Don’t be afraid to return that TV; Best Buy won’t hurt you anymore. In a statement on its Website, the electronics retailer announced the termination restocking fees on all products in its stores. Historically, Best Buy has charged a 10-15 percent (of the purchase price) fee on returned items. The fee was meant to go toward “restocking” or the process involved in putting the item back on the store shelf or returning it to its manufacturer.
“Best Buy continually listens to our customers, and they told us they want to give confidently this holiday season and every other day of the year — and with that comes easier returns. Effective Saturday, December 18, Best Buy is improving its return policy by removing restocking fees for all products except special orders. Customers can visit BestBuy.com for further information,” said Carolyn Aberman of Best Buy.

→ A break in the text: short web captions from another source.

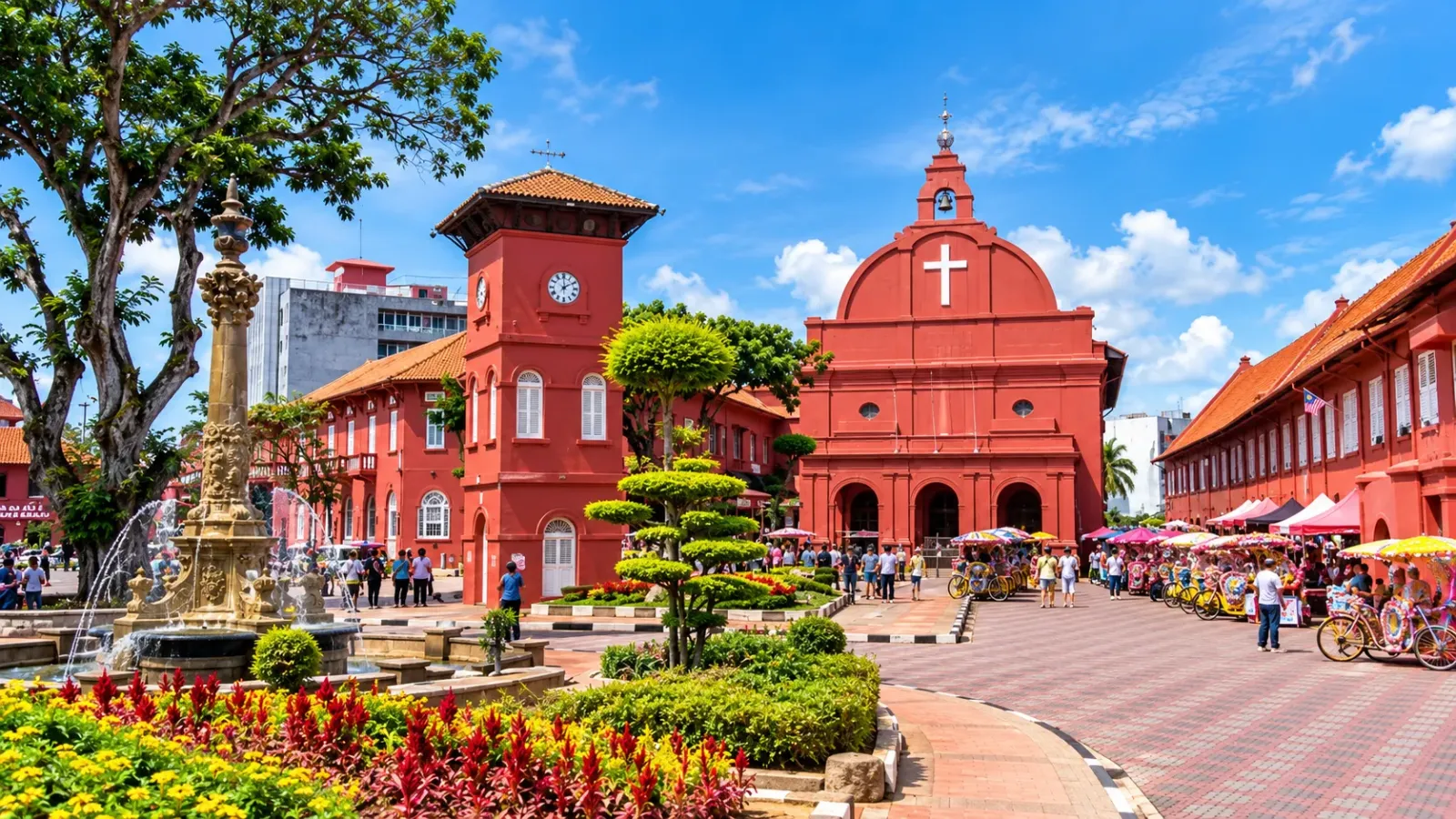 Các công trình kiến trúc màu đỏ tại Dutch Square ở thành phố lịch sử Melaka Malaysia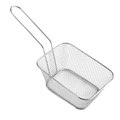 Panier à friture carré en acier inoxydable avec long manche et maille fine - Grand / Argent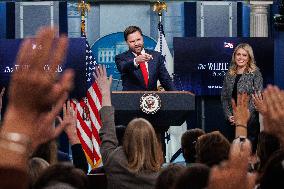 DC: Vice President JD Vance speaks in White House Press Briefing Room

The Consumerist got its hands on some internal emails flowing through corporate Best Buy inboxes:
“This policy change is being made because we want to be the best destination for gifts and technology,” said an internal email. “To do that we need to make it easy for our customers to return product when they need to, which will give them one more reason to love Best Buy…If customers who were charged a restocking fee between Nov. 17 and Dec. 17 come into the store for a refund, process a return transaction for the restocking fee amount.”
The sudden love for customers and change of heart? Well, sales at its retail stores are down while holiday spending online has risen. The move reminds me of Blockbuster’s early attempts to knock out better, faster movie rental competitors by eliminating late fees. Hopefully Best Buy will have better luck. With more and more media going digital though, the retailer has some major changes to make in the years to come.
If Best Buy really cared about customers, wouldn’t it extend a public plan to reimburse customers who have paid restocking fees this holiday? Or at least notify them?